▸ **WORK TO BE COMPLETED**
Please set down, with no changes, every line of the material below from the one containing "Brown corrugated cardboard sheet background" through the end. Skip the pictures.

*** COLLECTED DATA ***

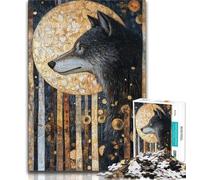 Rompecabezas de 1000 piezas Para adultos y Adolescentes diseño de Lobo Ideal Para aliviar el estrés Para pasar el rato en CASA Con Papá Noel 38x26cm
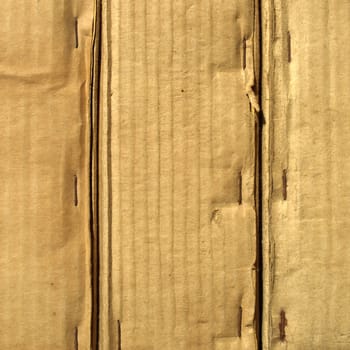 Brown corrugated cardboard sheet background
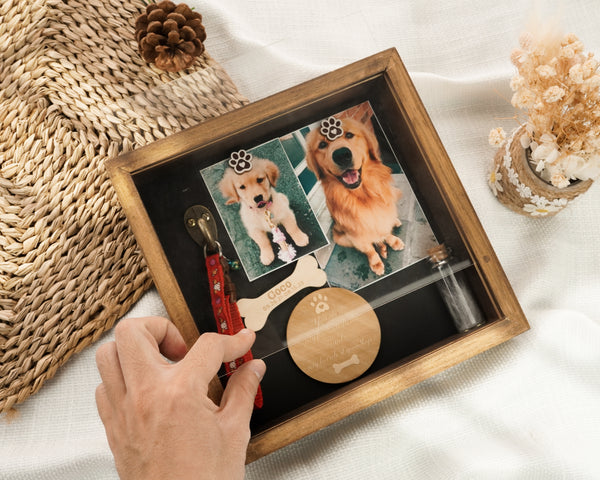 Pet Shadow Box Picture Frame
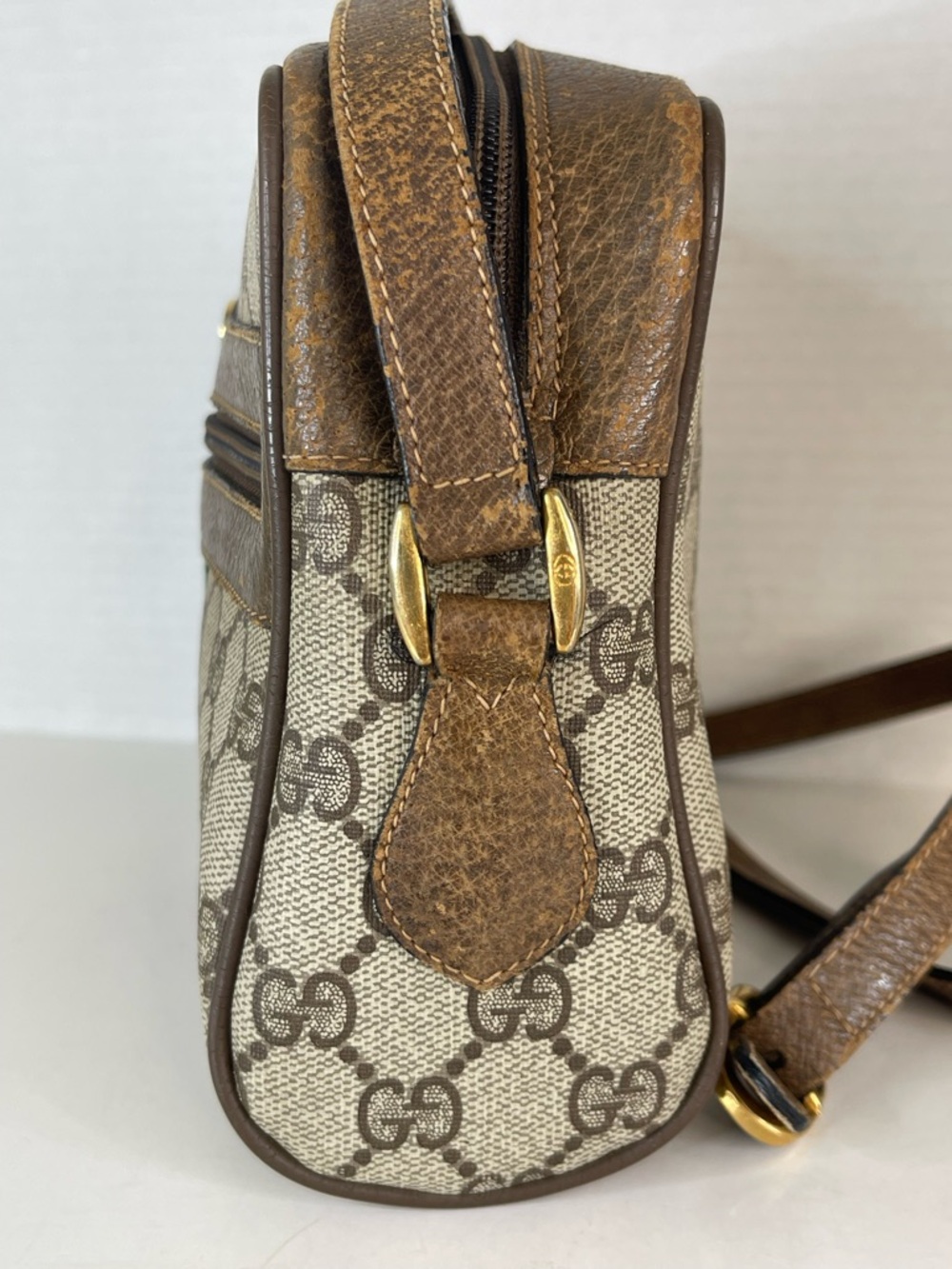 Gucci Ophidia GG Supreme Web Sherry Line shoulder bag - Picture 5 of 16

*** End of COLLECTED DATA ***

▸ **YOUR SOLUTION**
 Brown corrugated cardboard sheet background
 Pet Shadow Box Picture Frame
 Gucci Ophidia GG Supreme Web Sherry Line shoulder bag - Picture 5 of 16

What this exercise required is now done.